Gracias a Dios, en cada etapa de mi formación encontré un verdadero “maestro”, no solo el P. Zaragozí, en el noviciado, sino también el maestrillo, luego P. Pedro Fuentes, en el juniorado; el P. Miguel Ángel Fiorito, en filosofía, Karl Rahner, en teología –la que estudié en Innsbruck–, y el ya mencionado P. Delchard, en mi tercera probación, a quienes se puede agregar también Max Müller, en el doctorado (Munich). Cuando entré a la Compañía estaba convencido que era muy estudioso y podía aprender mucho, pero, como la formación recibida en la Escuela Normal era enciclopédica, entonces pensaba que yo carecía de creatividad intelectual. Pero los trabajos de reflexión sobre los Salmos y documentos de la Compañía, que nos hacía realizar el Padre Maestro en el noviciado y, sobre todo, los del juniorado, hicieron que descubriera esa nueva veta de mi vida intelectual, tanto en el nivel del pensamiento mismo como de su expresión escrita.

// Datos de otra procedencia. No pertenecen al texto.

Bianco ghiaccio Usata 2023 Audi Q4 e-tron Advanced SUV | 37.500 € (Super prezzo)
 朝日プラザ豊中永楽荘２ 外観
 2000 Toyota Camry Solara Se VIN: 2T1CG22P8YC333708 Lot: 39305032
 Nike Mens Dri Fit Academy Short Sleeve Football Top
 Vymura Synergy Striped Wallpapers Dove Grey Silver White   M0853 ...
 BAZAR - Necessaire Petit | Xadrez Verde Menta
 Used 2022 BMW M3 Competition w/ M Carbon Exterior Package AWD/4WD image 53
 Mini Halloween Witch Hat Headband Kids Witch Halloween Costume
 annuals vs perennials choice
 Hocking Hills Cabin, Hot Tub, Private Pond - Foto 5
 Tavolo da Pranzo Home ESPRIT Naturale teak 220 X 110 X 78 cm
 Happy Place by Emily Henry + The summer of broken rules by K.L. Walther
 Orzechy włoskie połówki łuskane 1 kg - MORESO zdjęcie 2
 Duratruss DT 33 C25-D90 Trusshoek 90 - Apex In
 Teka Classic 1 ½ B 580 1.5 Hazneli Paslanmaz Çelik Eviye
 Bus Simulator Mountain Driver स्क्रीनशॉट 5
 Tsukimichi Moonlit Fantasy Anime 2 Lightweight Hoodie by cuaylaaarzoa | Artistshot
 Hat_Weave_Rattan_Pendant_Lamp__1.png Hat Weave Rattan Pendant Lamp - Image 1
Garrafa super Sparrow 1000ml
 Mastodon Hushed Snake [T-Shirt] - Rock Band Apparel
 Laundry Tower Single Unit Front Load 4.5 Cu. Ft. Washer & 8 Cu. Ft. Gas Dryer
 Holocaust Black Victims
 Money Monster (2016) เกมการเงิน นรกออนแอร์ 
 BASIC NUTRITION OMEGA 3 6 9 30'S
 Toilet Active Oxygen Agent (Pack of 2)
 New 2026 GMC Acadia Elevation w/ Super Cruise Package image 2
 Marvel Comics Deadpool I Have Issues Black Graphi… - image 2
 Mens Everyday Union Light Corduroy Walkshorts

Recuerdo que, junto con los que después fueron los Padres Olivera, Sáenz, Sobrón y Jorge Anzorena, redactábamos una revista en el juniorado, con nuestros trabajos humanísticos y de crítica literaria. Mi primera publicación –en ‘Ciencia y Fe’, que luego se llamó ‘Stromata’– fue la reseña, escrita para la revista del juniorado sobre ‘El fin de los tiempos modernos’ de Romano Guardini. Tanto es así que el visitador, P. Moreno, me propuso entonces destinarme a profesor del juniorado. Es de notar que tanto el P. Zaragozí como Fuentes, en el tipo de trabajo que nos hacían hacer, seguían el método del entonces maestrillo Juan Luis Segundo, uruguayo, luego uno de los teólogos líderes de América Latina, quien, a su vez, continuaba el camino iniciado antes por otro maestrillo, el ahora P. Enrique Fabbri.
El estudio de la filosofía
Más tarde, al terminar mis estudios filosóficos, el P. Fiorito me propuso dedicarme a la filosofía; por eso, después del magisterio –en el cual enseñé literatura y Humanidades en el Seminario Menor de Buenos Aires– fui enviado a hacer la teología con Rahner, por su impronta especulativa en la reflexión teológica. Y, aunque en ese tiempo pedí que me destinaran a ser profesor de teología, finalmente el P. provincial Gaviña me reconfirmó mi destinación a la filosofía. Pero, desde esta no dejé de estar al servicio de la teología, uniendo ambas estrechamente entre sí y con mi vida espiritual y apostólica, sin confundirlas.
Estimo que, en el fondo, esa ha sido mi misión y mi carisma, al servicio de los estudiantes, de la Iglesia y aun de la sociedad. Por eso elegí como materia de mi tesis a Maurice Blondel, en quien también esos tres factores estuvieron íntimamente unidos, como lo muestran sus diarios espirituales, sus cartas y sus obras, en las que predominan, respectivamente, su vida espiritual y apostólica, su teología y su filosofía.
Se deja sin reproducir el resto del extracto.